Fra mille figli suoi non vede il Sonno,
     Chi più di Morfeo andar possa opportuno.
     Poi che le membra sue vestir si ponno,
     Pur che sia d’huom, la forma di ciascuno.
     Se ’l fa venire avanti, indi il fa donno
     De la proposta volontà di Giuno.
     Vinto dapoi dal mormorar de l’onde,
     Per darsi à la quiete il capo asconde.

Batte Morfeo verso l’Etea pendice
     Per l’atro horror del ciel le tacit’ale,
     Per render dolorosa, et infelice
     Con quel, ch’ apportar vuol naufragio, e male,
     La sventurata moglie di Ceice:
     E giunge in breve à la città reale,
     Dove le penne, e ’l proprio volto lassa,
     E in quel del morto Re si chiude, e passa.
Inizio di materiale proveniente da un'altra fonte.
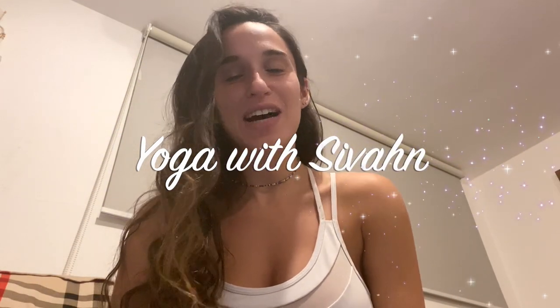Hi yogis, today we're going to do a fun hatha vinyasa flow focusing on the whole trifecta: flexibility, strength, and balance all together. Hope you enjoy it, let's get started.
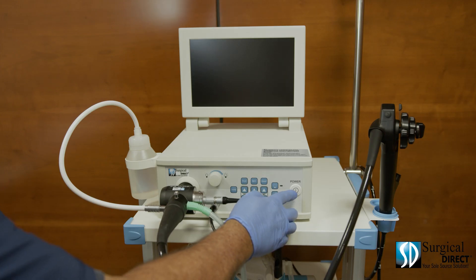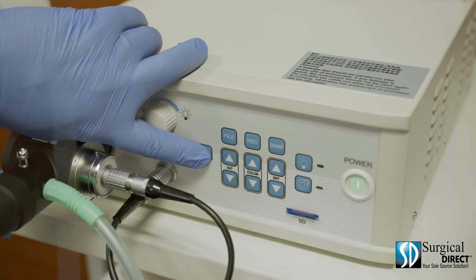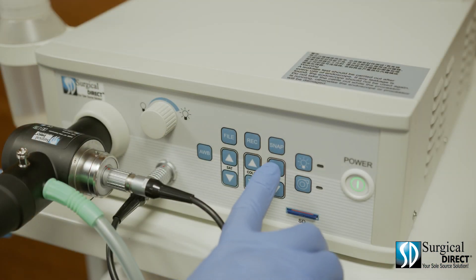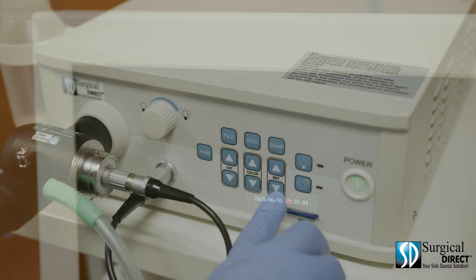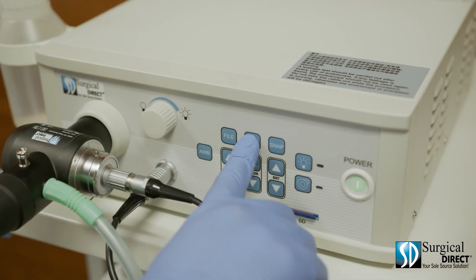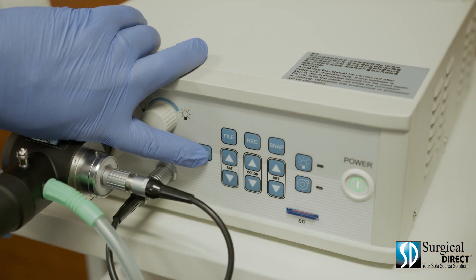To turn on the system, simply push the power button. You'll want to set the time when you receive your system. Press and hold the automatic white balance button. From here, you can adjust the time. Using the up-down brightness arrows, you can toggle through the time and date menu. By pressing snap, you can adjust the time up; by pressing record, you can adjust the time down. To save, press the automatic white balance again.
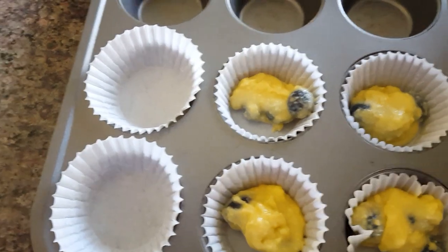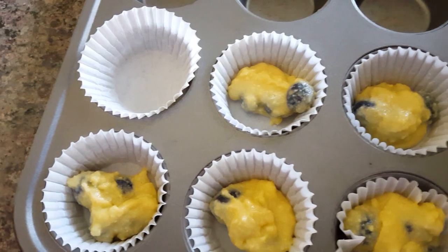Next you'll drop spoonfuls of the batter into your muffin cups. This recipe makes six muffins.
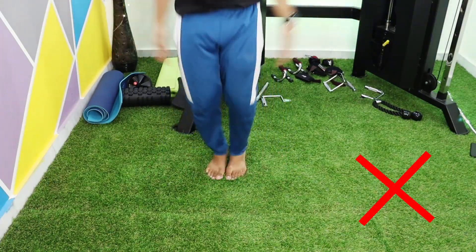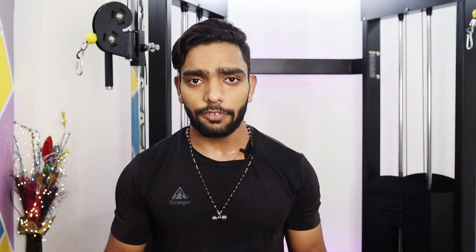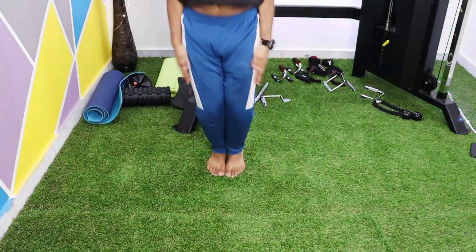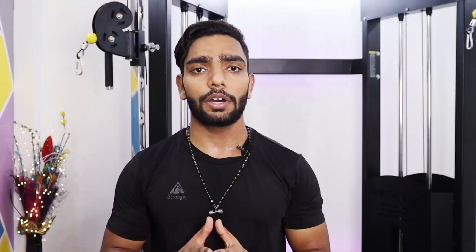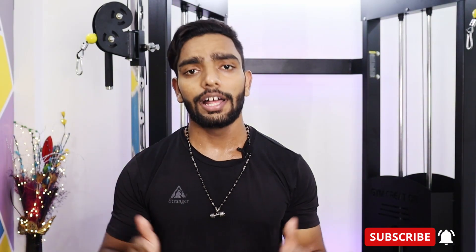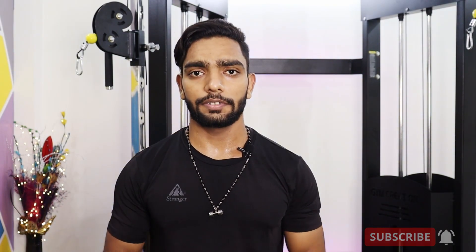The first mistake is not jumping wide enough. You should be jumping wide so that your legs, hips, and adductor muscles get enough work and your hip joint gets warmed up properly. By jumping wide and back in, you are involving more of your adductors and abductors muscles.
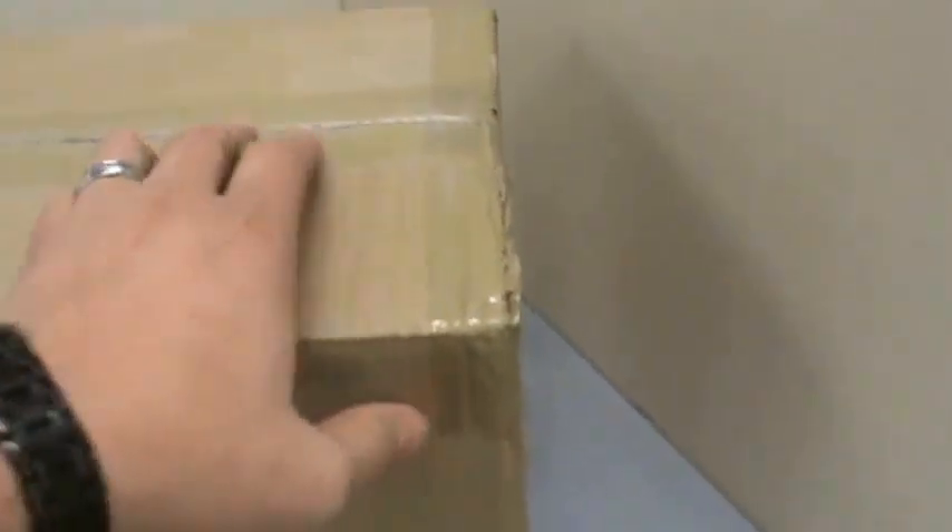Hey everybody, Ross here with Dakota Dinos. I'm really excited to bring you this video. I got this package today and it is from the Batat Company. They are sending me some Terra by Batat toys. I want to thank Diana from Batat for agreeing to send these to me. We're going to unbox them and then I'll do some individual reviews that will be coming up later.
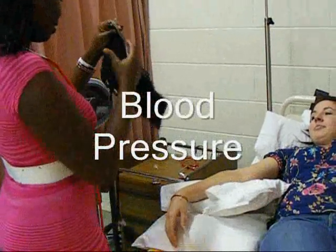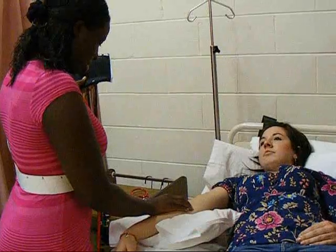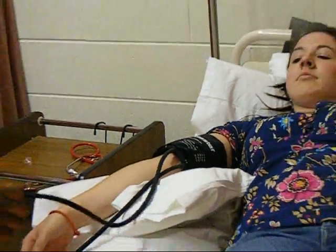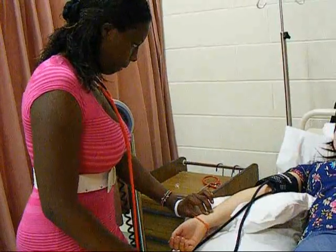Position the patient seated or lying in bed. Position the sphygmomanometer within one meter of the patient at eye level, at heart level, supported by a pillow, with the elbow relaxed. Palpate the brachial artery, place the cuff, inflate and palpate for pulse obliteration to get an estimated systolic BP. Deflate and place the stethoscope.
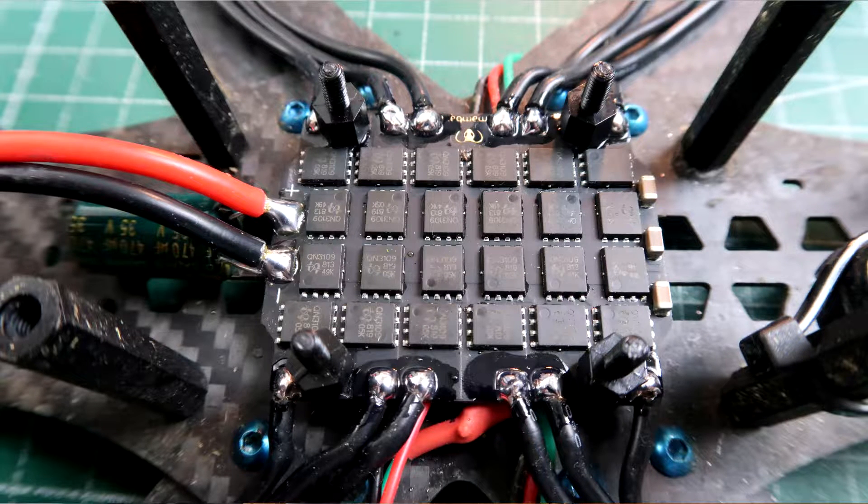It's not perfect though. The things I don't really like mostly concentrate around the ESC. The places where the pads for the motors are located are not the best designed — one of the pads for the motor wires is outside of the holes, which looks strange and means you have one wire shorter when you want to replace the ESC for something else.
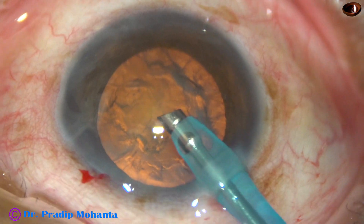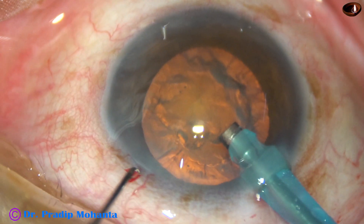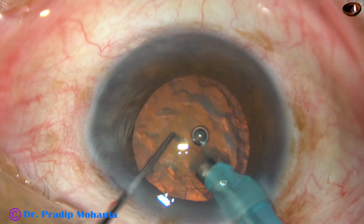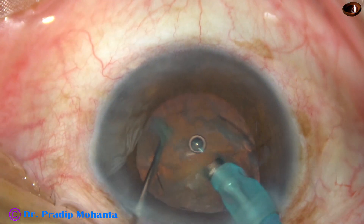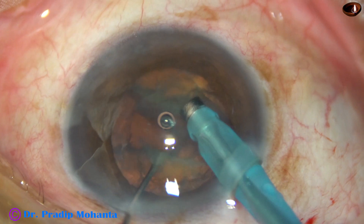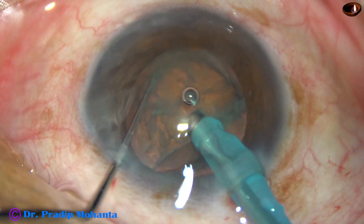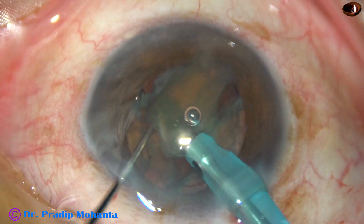After rhexis, hydrodissection, and nuclear rotation, the tip of the phaco needle is introduced into the anterior chamber. Here, some superficial cortical lens matter is aspirated for better visibility. And now, a small pit is made just in front of the main incision. The tip of the phaco needle goes into the floor of that pit and supports the rest of the lens mass.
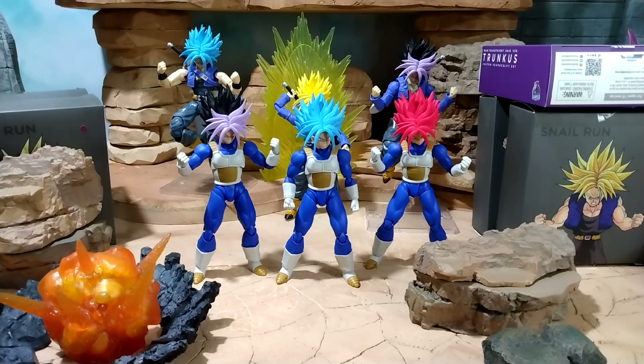Then I got another one with the purple and black, and another one with the Super Saiyan Blue. While you still got the chance, I would snatch these up and go get these hair pieces to make different Trunks versions like I did. Let's take a look at these guys.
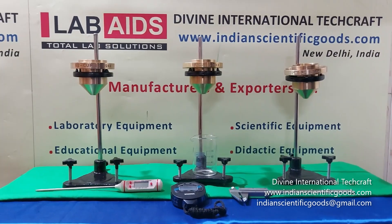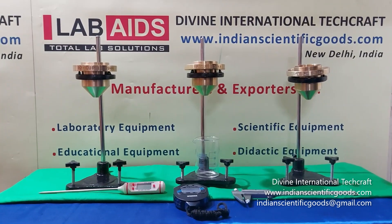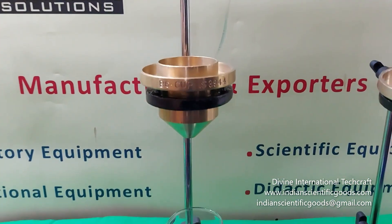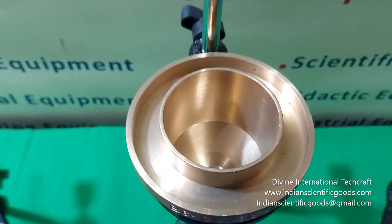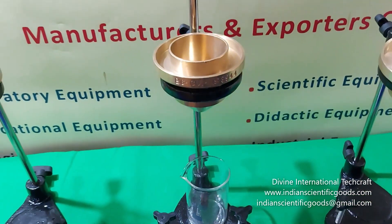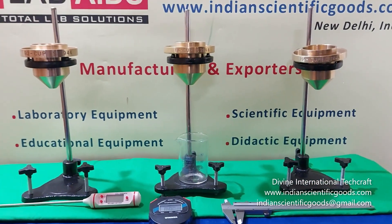Hello, these are Flow Cup Viscometers or Ford Cups manufactured by Divine International Techcraft, New Delhi, India. A Flow Cup Viscometer consists of a brass cylinder or cup of fixed volume with an orifice of specified dimension at the bottom. These are crude measurement devices used for the measurement of the kinematic viscosity or relative consistency.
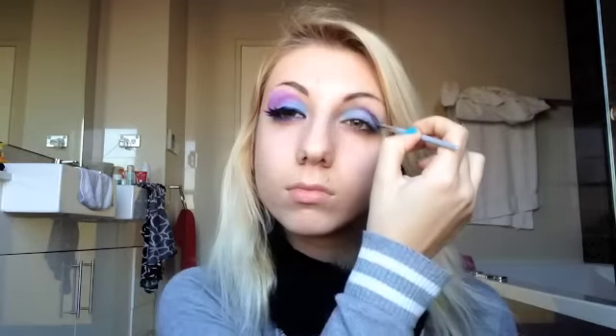You're going to take this dark purple color and just use that within the crease of your eye, just above the blue. Then from there you're going to want to blend upwards towards your brow bone in a dome shape.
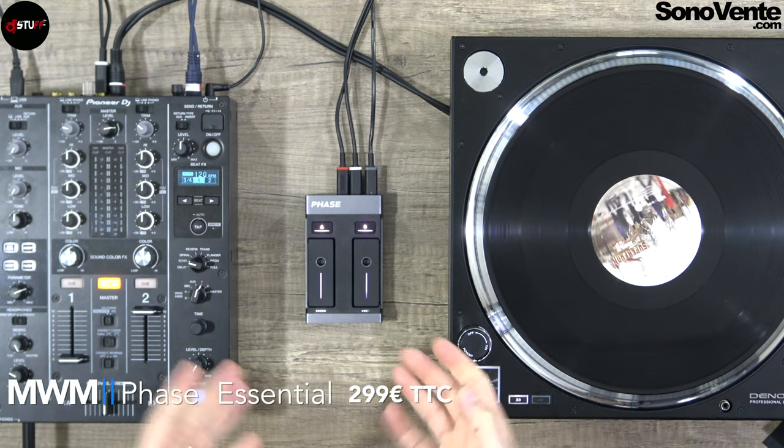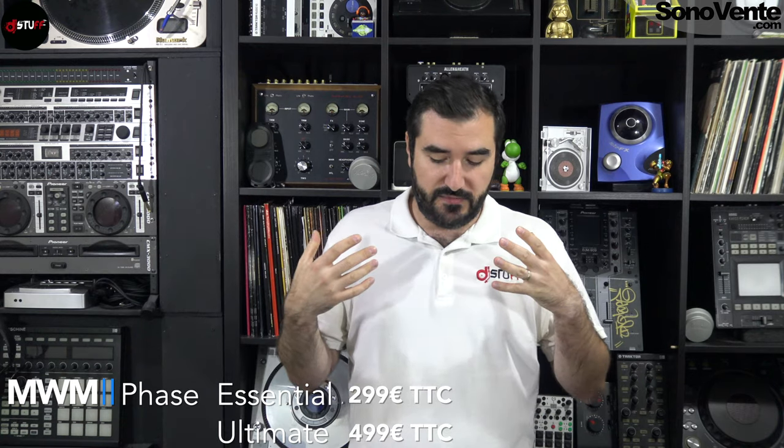Hello everybody, hope you're fine. Today we are looking at the MWM Phase, the brand new unit from MWM. They sold a lot of crossfader Bluetooth crossfaders for their e-DJing app. Today is the Phase — it's a new way to play DVS with your favorite software. You can play this DVS with Rekordbox, Traktor, Virtual DJ, Serato, and a lot of other platforms.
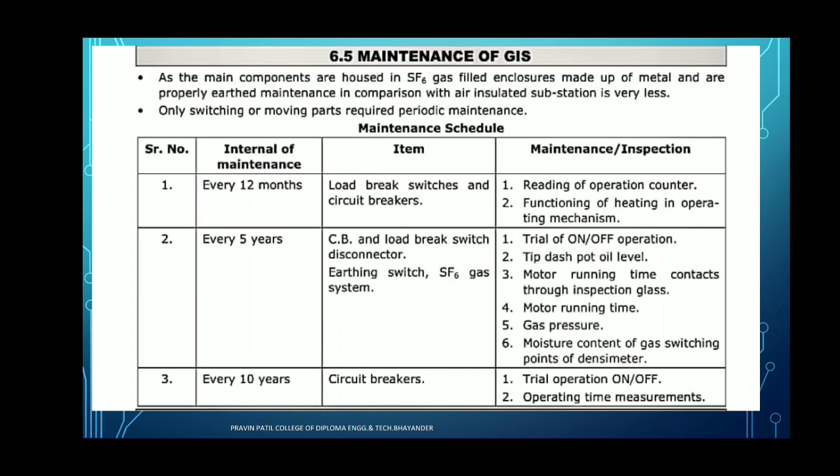We have to see some points of maintenance of the GIS substation. Internal maintenance means which parts we have to check — inspection of the parts. First, every 12 months we have to check the load brake switches and circuit breaker. These things are checked within every 12 months: reading of the operation counter, and functioning of the heating in operating mechanism. This is the first maintenance requirement for the gas insulated substation.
Senza il regio splendore haver nel volto,
     Ma del color d’un, che senz’ alma sia,
     Dove lo spirto il sonno tien sepolto
     De la moglie del Re pudica, e pia,
     Senza haver d’alcun panno il corpo involto ,
     Sparso di vero mar Morfeo s’invia,
     Piovendo il mento, e ’l crin l’onde su’l petto,
     Si rappresenta à lei vicino al letto.